The recognition of basic rights for children has created a dilemma that involves a complex balancing act between three major social systems: * the state, with its interest in maintaining social stability and protecting the safety and rights of its citizens, including children * the parent or family, whose interest has been the maintenance of family autonomy and freedom to raise children without interference from the state * the minor child, whose vested interest has been self protection from perceived harm, preservation of privacy, and maintenance of personal dignity (Croxton, Churchill, & Fellin, 1988).
The fact that a counselor is effective in working with adults in no way insures that they will be effective when working with minors, or vise versa.
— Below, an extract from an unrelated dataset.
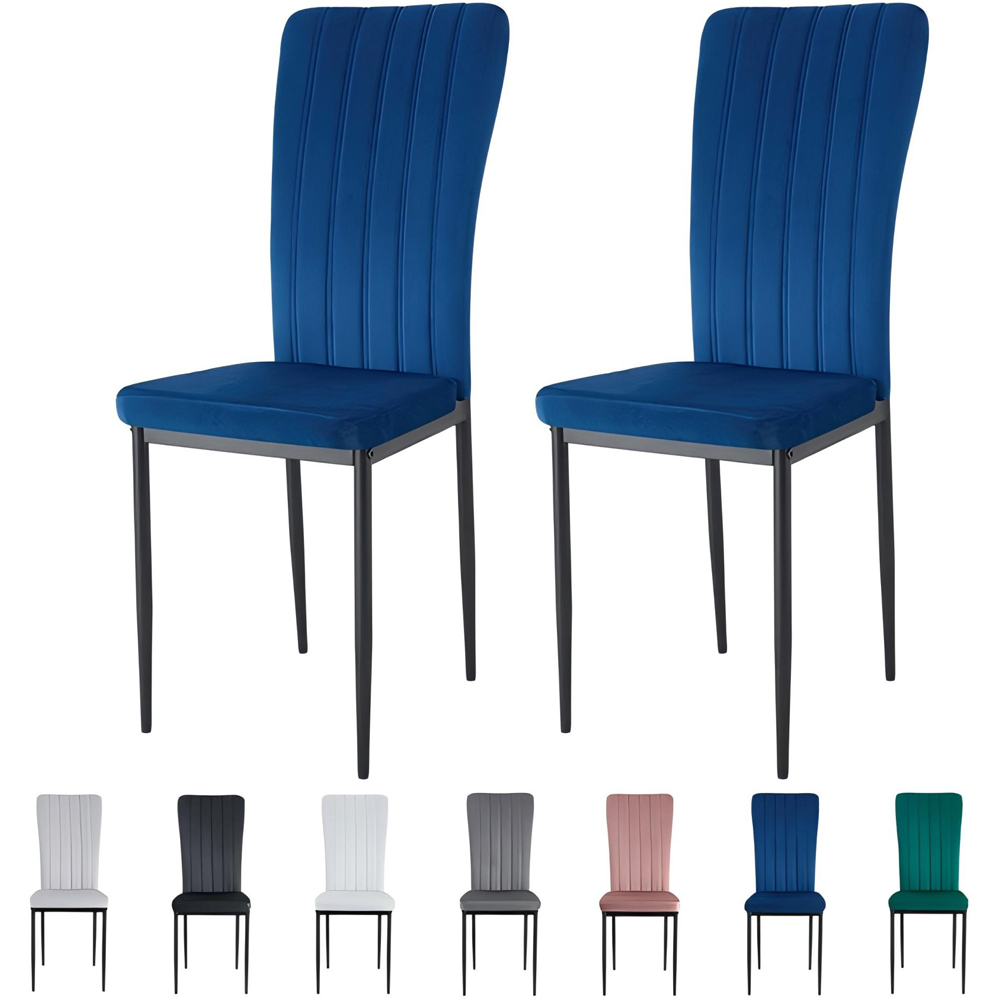 Elle Set of 2 Blue Velvet Effect Plush Padded Upholstered Dining Chair Image 8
Counselors need to acquire and develop the unique knowledge and skills of specialized areas that can make them proficient in working with children. Some good examples of these areas with children could include attention deficit disorder (ADD), attention deficit/hyperactivity disorder (ADHD), reactive attachment disorder (RAD), and separation anxiety disorders (SAD).
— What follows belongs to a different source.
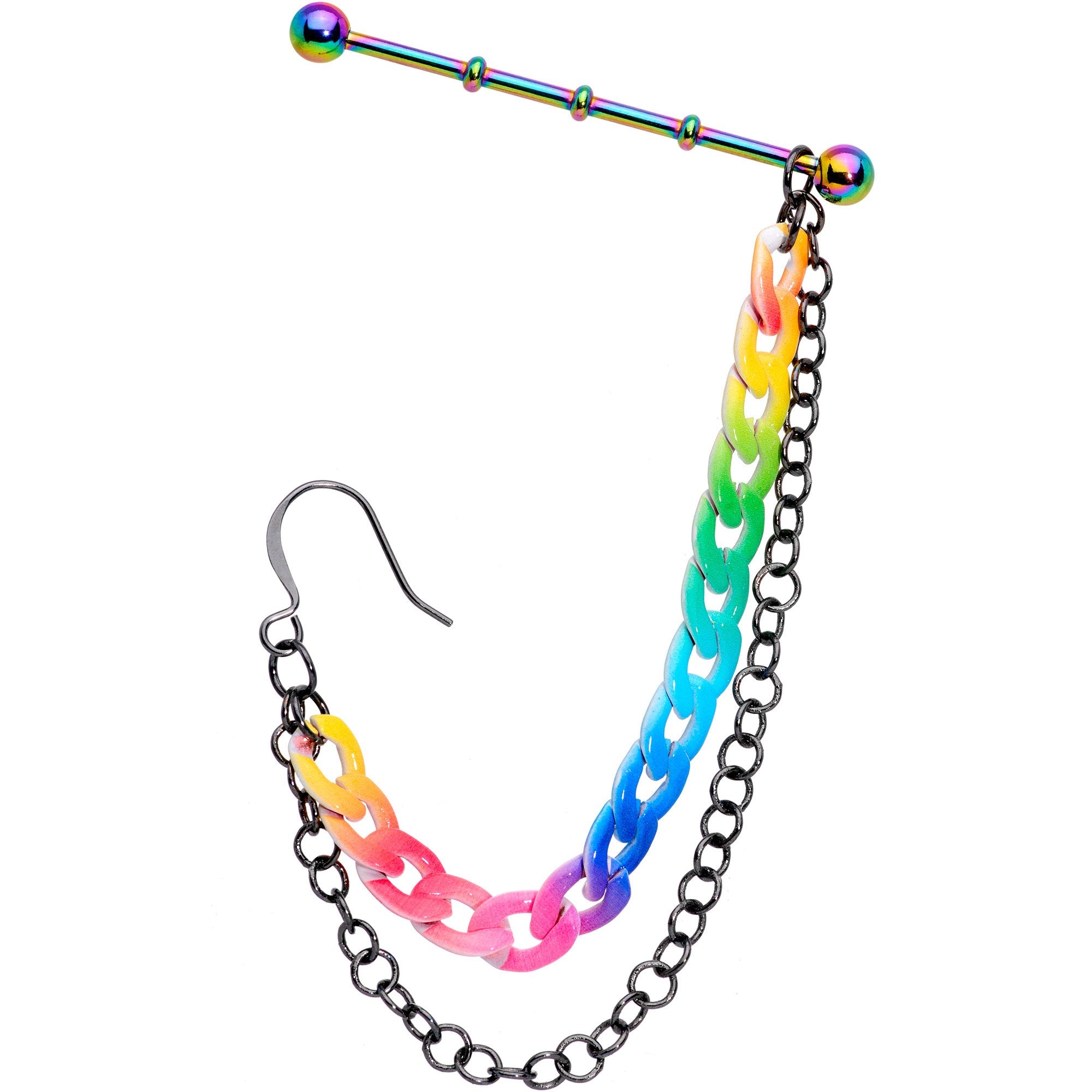 Rainbow Anodized Double Chain Industrial Barbell Chain Earring 38mm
Therefore, education in child psychopathology and child counseling is essential for those who desire to work with children. Age is also a major consideration when working with minors, as this will also have a significant impact in determining how to work most effectively with that child, and as such it is extremely imperative that counselors have a thorough understanding of theories in child and adolescent development (Darden, Gazda, & Ginter, 1996).
Some examples of these theories include: * Erikson’s ego identity development * Freud’s psychosexual development * Kohlberg’s moral development, and * Piaget’s cognitive development. A good understanding of these developmental theories is critical to being effective when working with children. When determining their plan of action, a counselor must design their interventions around the child’s level of understanding and level of development.
The ACA Code (1995) Preamble states that “members are dedicated to the enhancement of human development throughout the life span” and even though “developmental stages” are not specifically mentioned, any practicing child counselor that has not studied child and adolescent development is placing themselves in legal danger for being unethical. The ACA (1995) Code explicitly and consistently stresses that Counselors practice only within the boundaries of their competence, as determined by their education, training, experience and professional credentials.
Counselors will demonstrate a commitment to gain knowledge, personal awareness, sensitivity and skills pertinent to working with a diverse client population (C. 2. a). Confidentiality Confidentiality is one of the most difficult ethical dilemmas for counselors that work with minors; primarily when determining what can and cannot be shared with parents or legal guardians, because parents have a legal right to all records obtained as a result of examination, evaluation, and treatment of a minor.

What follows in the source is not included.